Said Bond (pictured above): “We all have a common goal. I feel like this year, everyone is very united. Everybody wants it just as much as the other person. There’s not a person on the outside. We’re all in this together.”

Straub clarified when asked if this is one of the most cohesive teams he’s coached.

“It IS the most cohesive team,” he said. “There’s not much difference in skill from them (Bond and Belzeski) and ninth and 10th. That’s a rarity.”

Nebraska began its season in October. It’s since traveled to Houston, Dallas and Chicago, all of which have local Nebraska fan groups that invariably come watch the Huskers bowl.

“They come to coaches when the event is over and say, ‘You’ve got 10 people down there, and only five are playing, but we can’t differentiate from their actions who’s playing and who’s not.’ ”

That, Straub said, is a testament to the team unity.

Bowling is an equivalency sport, meaning the program has five scholarships to split among 10 student-athletes.

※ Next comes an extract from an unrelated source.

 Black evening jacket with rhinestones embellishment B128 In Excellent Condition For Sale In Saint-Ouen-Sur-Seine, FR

This year, nine student-athletes are on partial scholarship, with Bond and Belzeski among the top bowlers.

“We focus on fundamentals a lot,” Belzeski said. “Having that straight follow through, keeping our thumbs up. We keep on going back to those. That’s one of our strong suits.”

Bond agreed, saying their jobs become much easier by having a solid foundation of fundamentals.

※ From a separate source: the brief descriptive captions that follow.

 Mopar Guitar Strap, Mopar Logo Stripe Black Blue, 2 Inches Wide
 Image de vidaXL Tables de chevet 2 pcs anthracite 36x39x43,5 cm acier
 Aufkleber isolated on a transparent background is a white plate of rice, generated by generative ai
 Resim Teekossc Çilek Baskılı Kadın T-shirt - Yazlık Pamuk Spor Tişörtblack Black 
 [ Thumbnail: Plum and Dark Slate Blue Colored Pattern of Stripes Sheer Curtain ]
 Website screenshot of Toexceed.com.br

“It’s not rocket science,” she said.

Well, there is some science to the sport, though.

One 15-pound ball, a set of 10 four-pound pins set in a triangular fashion.

“If the ball is entering at a big enough angle, deflection is minimized,” Straub said, “and that’s their goal.”

Bond said finding a bowling ball she’s comfortable with and knowing what it’s going to do is key.

“It’s a lot of being aware and being observant,” Bond said, “seeing what the ball is doing and then making an educated guess from there.”

Studying different lanes is important, too. Some bowling centers even have topography graphs available that will reveal any dips in the lane that may affect a shot

Like golf’s greens, bowling has the same variable, only invisible. You discover it by trial and error.

And that’s why Nebraska will haul some 900 pounds of bowling balls to the airport.

“If you can’t find your right ball motion,” Belzeski said, “you might go through your whole bag until you find something that matches up well.”

Nebraska is the No. 1 seed for the NCAA Championships. The format is double-elimination, with each round consisting of a best-of-three match.

“Regardless of the results, I want this to be a good memory,” Bond said. “I want to look back on this week and be happy with myself and be happy with my team and just remember this as being a good experience.”